Enormous strides have been made over the past three decades to understand the key determinants of pharmacokinetics as they apply to pharmaceutical drug design and the underlying causes of drug attrition. However, despite the knowledge gained from active research in pharmacokinetics and ADME (absorption, distribution, metabolism and elimination) of pharmaceuticals, minimal attention has been given to the optimizing and understanding "agrokinetics" as they apply to the same problems in agrochemical discovery.

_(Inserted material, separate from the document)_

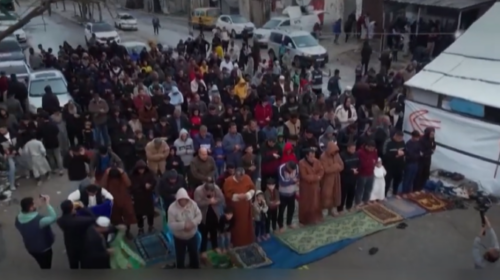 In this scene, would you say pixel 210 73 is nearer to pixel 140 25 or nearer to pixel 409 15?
pixel 409 15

Although "rules of 3" and their counterpart ("rule of 5") exist in the literature, useful molecular design/delivery rules and tailored informatics approaches are underdeveloped for pest species targeted by agrochemicals such as plants, insects and fungi. Here we describe retrospective analyses using public datasets assembled from the literature on chemical uptake through plant foliar systems, insect oral absorption, and fungal uptake. These data have been applied to develop both (i) biophysical and (ii) QSAR/QSPR-based cheminformatic and machine learning models in MOE (Molecular operating Environment) to shed some light on the agrokinetic parameters of biologically active pesticides. These exploratory models can help pave the way for new experimental and in silico methods of capturing and understanding the key agrokinetic descriptors for modern pesticides.

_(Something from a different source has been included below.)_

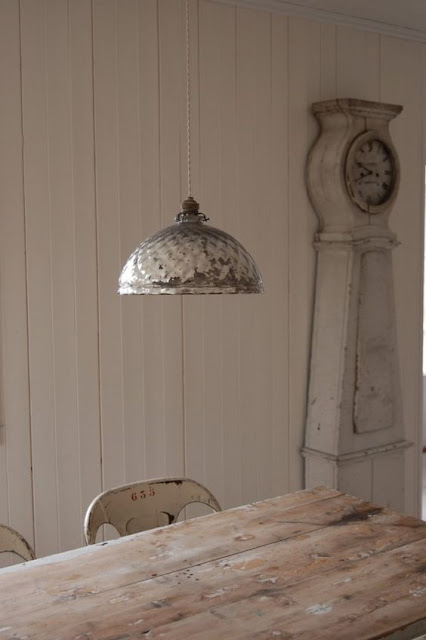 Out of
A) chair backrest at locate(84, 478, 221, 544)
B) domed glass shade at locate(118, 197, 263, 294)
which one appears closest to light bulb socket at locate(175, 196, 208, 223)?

Rather than "spraying and praying" for new agrochemical solutions, it is our hope that both the rules and relationships gleaned from these experimental models will hold promise in reducing toxicity, enhancing potency, reducing biological resistance and streamlining the value of ultra-large agrochemical library datasets. These simple informatics-driven approaches for estimating agrokinetic determinants can bring a much-needed "rational" dimension to agrochemical design and focus discovery or optimization efforts down to a molecular level of resolution.